Suspended in Sunlight

Healing is a Verb

Chicory the Bunny reaching down and helping Pizza the Dog

In Chicory: A Colorful Tale (A Colorful Tale for the rest of this, to help me distinguish the game from the character of Chicory), you play as (canonically named, anyway) Pizza: a janitor who becomes a Wielder of the Brush. The Brush is a magic paintbrush that literally brings color to the world. A Colorful Tale comes from a legacy of casual creators: tools, games, and interactive experiences that help a player express themselves creatively for the sheer joy of it. Being creative is its own reward in Kid Pix. Kids like to draw shit. Maybe once upon a time, we all liked to draw shit before we told ourselves some kinds of drawing were good, other kinds were bad, and for most of us, our drawings were bad.

A Colorful Tale is about making color and takes that compound verb and runs with it. You can color in the environments, props and cast. NPCs will ask you to burst out some creativity to tag a wall, or paint a sky. Certain NPCs recognize your art too, and are mostly approving. Pea will comment about the color density of any particular screen: she prefers a lot of different colors, which she recognizes as “details”. Certain NPCs will go to places you’ve colored and remark on it-- you can even get fan art from Peppermint. It’s delightful and relaxing to paint in A Colorful Tale: at least two hours of my runtime was just coloring in Dinners because life was tough that week.

Scribbling around in Chicory: A Colorful Tale

The game is seeped in that childlike sense of making color: a recorder is used as the principal instrument for the protagonist. If you were a certain kind of child, you had to get a recorder to make a sound for a grade in school. By that point in my life, I knew the sound was bad-- plastic’s a tough resonator. The recorder in my memory has a harsh, piercing sound, especially when paired with my beginner’s embrasure and breath control.

I played A Colorful Tale using a game pad because I confused it with Get in the Car, Loser! I started both games around the same time and for some reason, conflated GITCL’s recommendation to be played on a game pad with this one. This is important because all the puzzles are still solvable on a pad, but drawing is really goddamn hard with two sticks. And, unfortunately there are the times when you need to make Art, not just make color.

Capital A art. Art within a system that places expectations on those who engage with it. Art for other people that needs to make them feel things, draw customers, or move product. The times when the game gives you a blank canvas, two sticks of insufficient precision, some 4 color palettes, whatever brush styles you’ve picked up and an abstract demand are the hardest parts of A Colorful Tale. Old wielder Cardamom has it completely right: making color when you don’t want to, for other people, is tough.

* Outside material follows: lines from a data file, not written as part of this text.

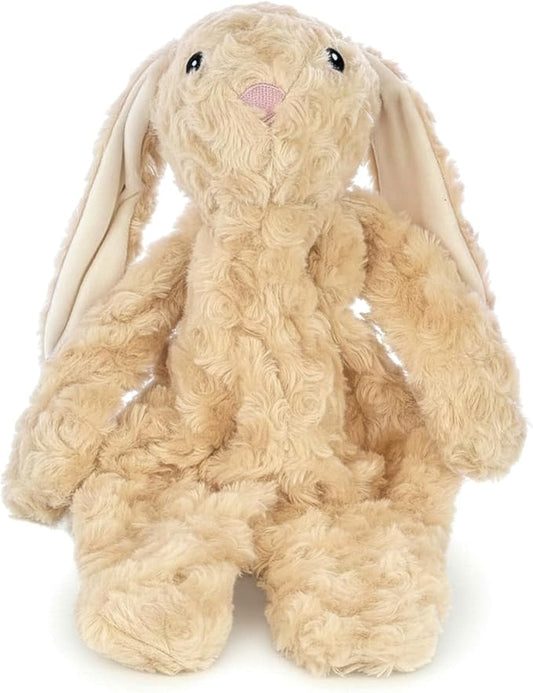 Pet Lou Floppy Rabbit Plush Dog Toy with Squeaker and Crinkle Paper, Stuffingless Dog Chew Toys, 19 Inch Durable Plush Dog Toys for Medium and Large Dogs, Tan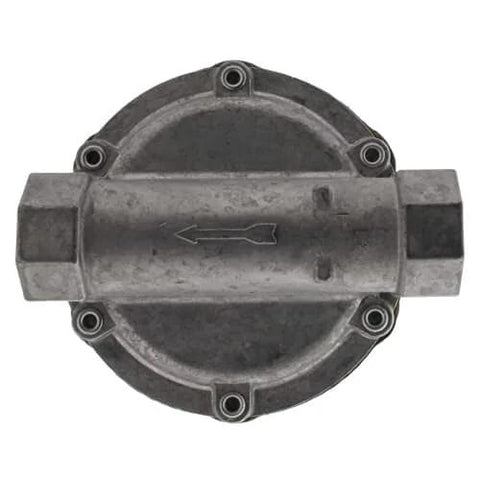 Gas pressure regulator, Amazon brand, metal circular body with bolt holes, front view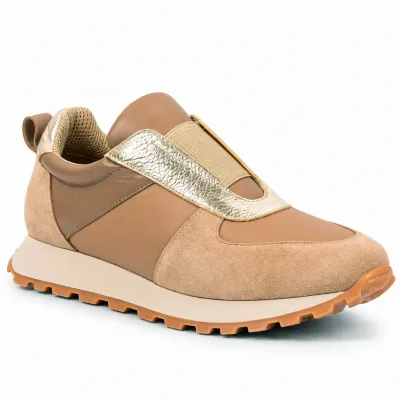 Baskets femme Pas à Pas PP-X3-TP en cuir taupe avec empiècements contrastés et semelle extérieure en caoutchouc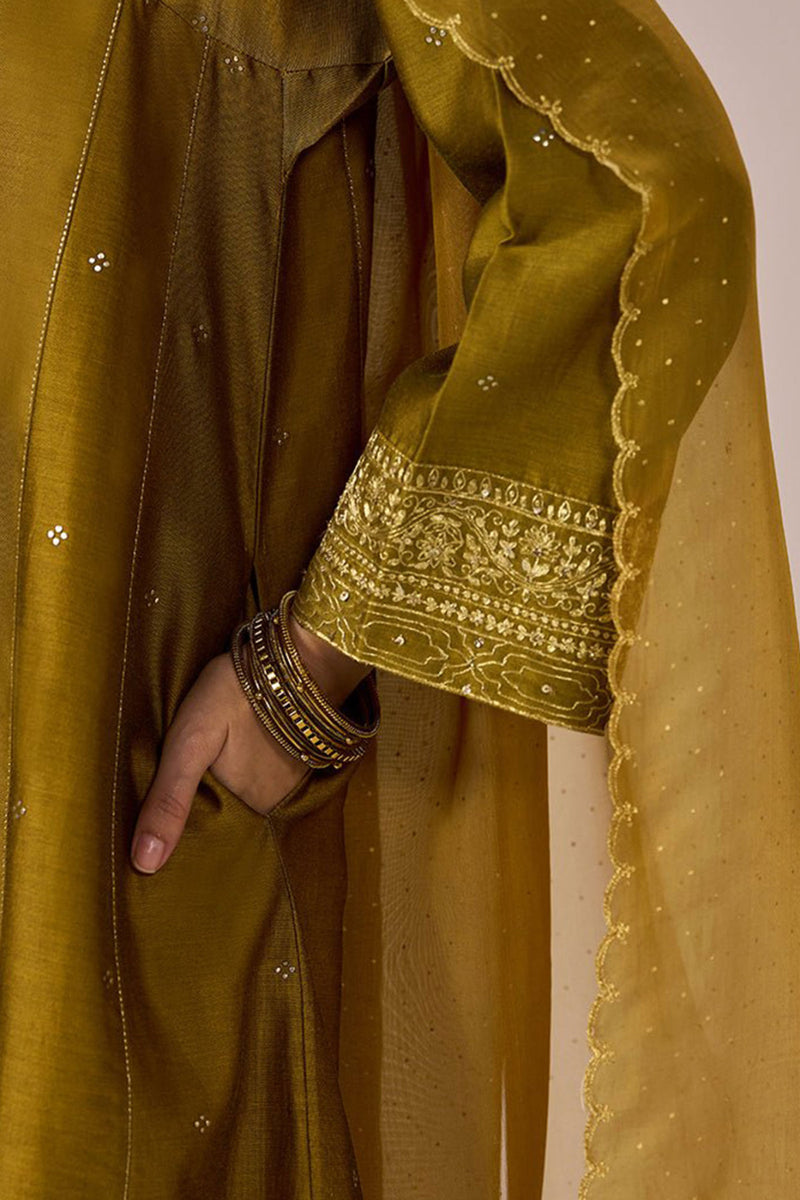 Golden Brown Festive Kurta Set
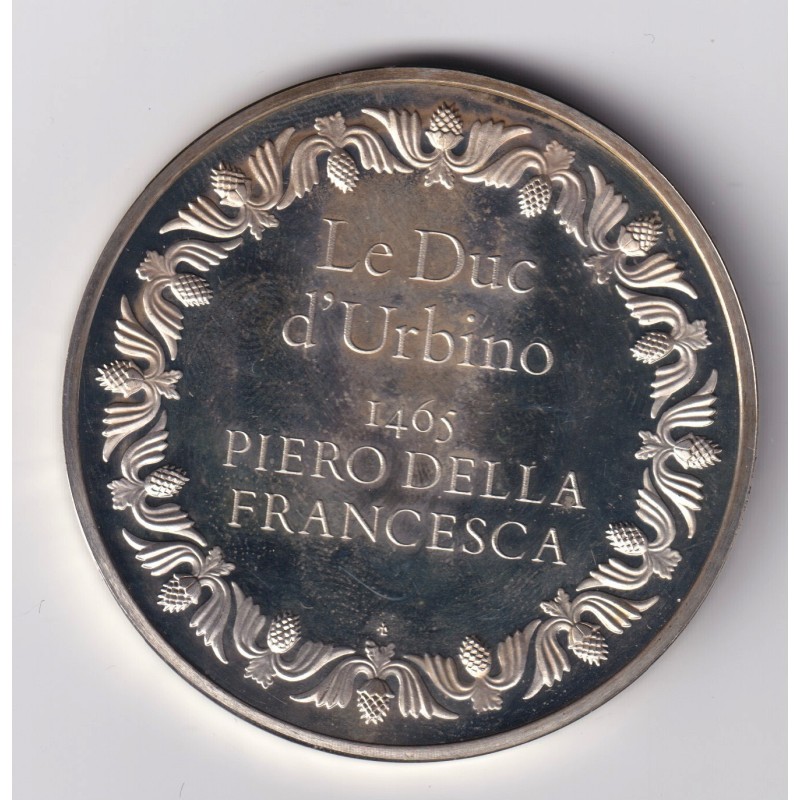Médaille - le duc d'urbino - 1465 - piero della francesca - Les 100 plus grands chefs-d'oeuvre - argent 65g 0,800 - 50,5mm - SUP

Your racoon doughnut shop owning Dad casually asking for some free art

The game reminds you that you can always say No to these requests (Pizza’s sister Clementine has a touching scene in a, uh, pizza shop about it), but to my ear, the dialogue suggested that past wielders of the Brush never said No. People expect you to. But, I only had two sticks of insufficient precision and a palette of four colors: I never felt good about my art in comparison to the past Wielders, and couldn’t shake that I had let them down, somehow.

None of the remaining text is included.